MusculoskeletalPending review

Rheumatoid Arthritis

An autoimmune synovitis in which loss of tolerance to self-antigens drives a chronic inflammatory pannus that erodes cartilage and bone, symmetrically, from the small joints inward.

In a nutshell

Loss of tolerance to citrullinated self-proteins drives autoantibody-mediated synovitis that thickens into destructive pannus, eroding cartilage and bone.

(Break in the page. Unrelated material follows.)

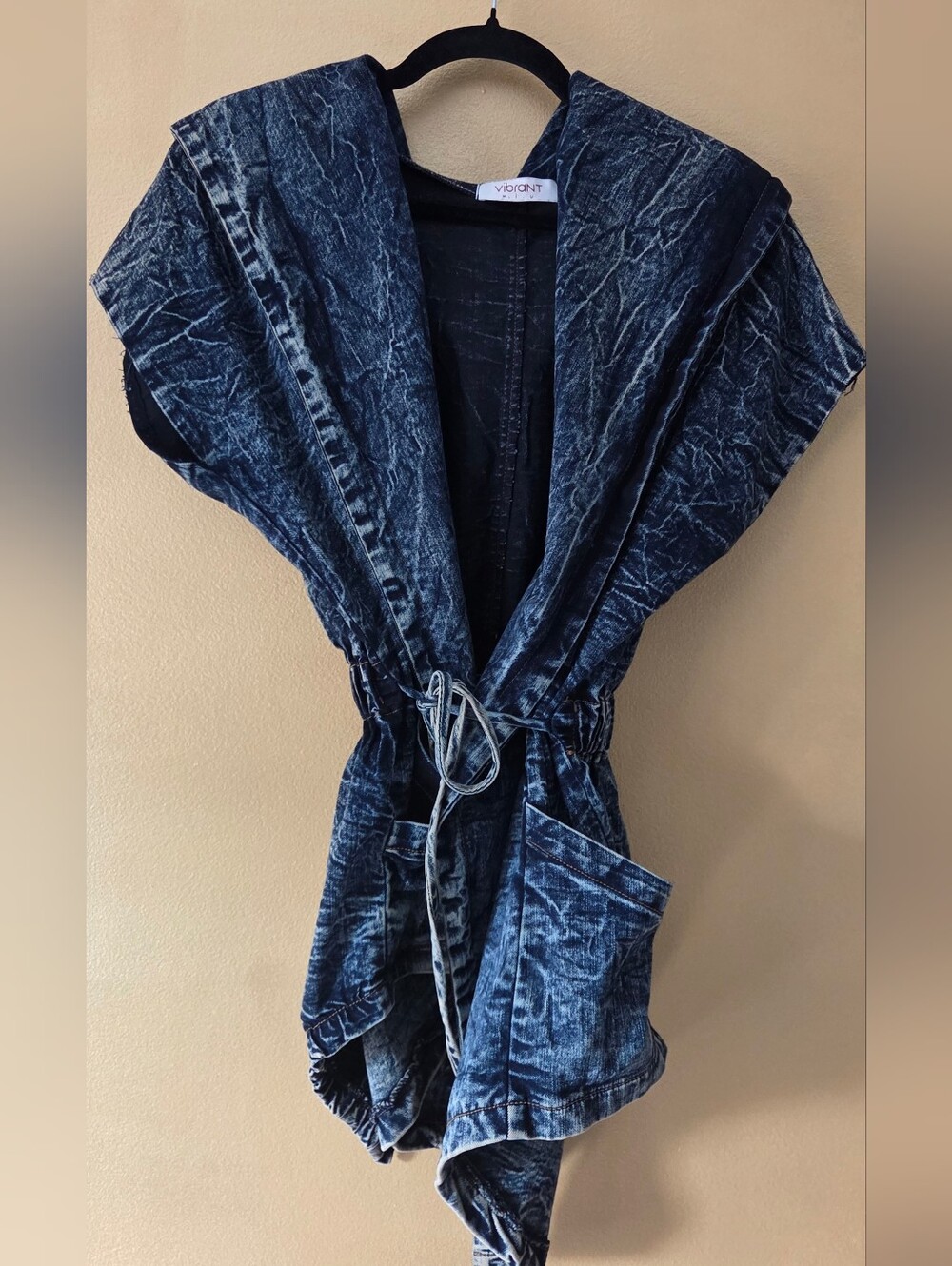 Vibrant MIU Vintage Hooded Dark Washed Denim Jacket with Tie Waist Small-Medium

Because the process is autoimmune and systemic, disease is symmetrical, affects small joints early, and is treated by suppressing the immune drivers as early as possible.

Classic presentation

A patient with weeks of symmetrical pain and swelling of the hands and feet, morning stiffness lasting over an hour that improves with activity, and fatigue, with positive anti-CCP antibodies.

Key points

  • Anti-CCP antibodies are specific and can precede symptoms by years, reflecting the autoimmune origin of disease before joints are clinically involved.
  • Pannus formation, not mechanical stress, drives cartilage and bone erosion: this is why rheumatoid arthritis causes erosions rather than osteophytes.
  • Morning stiffness over 30 minutes that improves with movement is the mirror image of osteoarthritis, where pain worsens with use.
  • Early DMARD therapy within the 'window of opportunity' prevents irreversible erosive damage: delay worsens long-term joint outcome.
  • Extra-articular features (nodules, vasculitis, pulmonary and cervical spine involvement) reflect the systemic nature of the autoimmune process.

First-line investigation

Rheumatoid factor and anti-CCP antibodies alongside CRP/ESR, with urgent rheumatology referral for suspected persistent synovitis.

First-line management

Early conventional DMARD therapy, typically methotrexate, started as soon as possible after diagnosis, with short-term corticosteroid bridging.

Exam traps

  • A seronegative result does not exclude rheumatoid arthritis: a minority of patients are rheumatoid factor and anti-CCP negative.
  • Distal interphalangeal joint involvement points away from rheumatoid arthritis and towards osteoarthritis or psoriatic arthritis.
  • Stiffness that improves with activity is rheumatoid arthritis; stiffness that worsens with activity is osteoarthritis.
  • Do not delay DMARD referral awaiting radiographic erosions: early ultrasound/MRI changes and clinical synovitis are enough to act on.

Educational content pending clinical review. Not medical advice.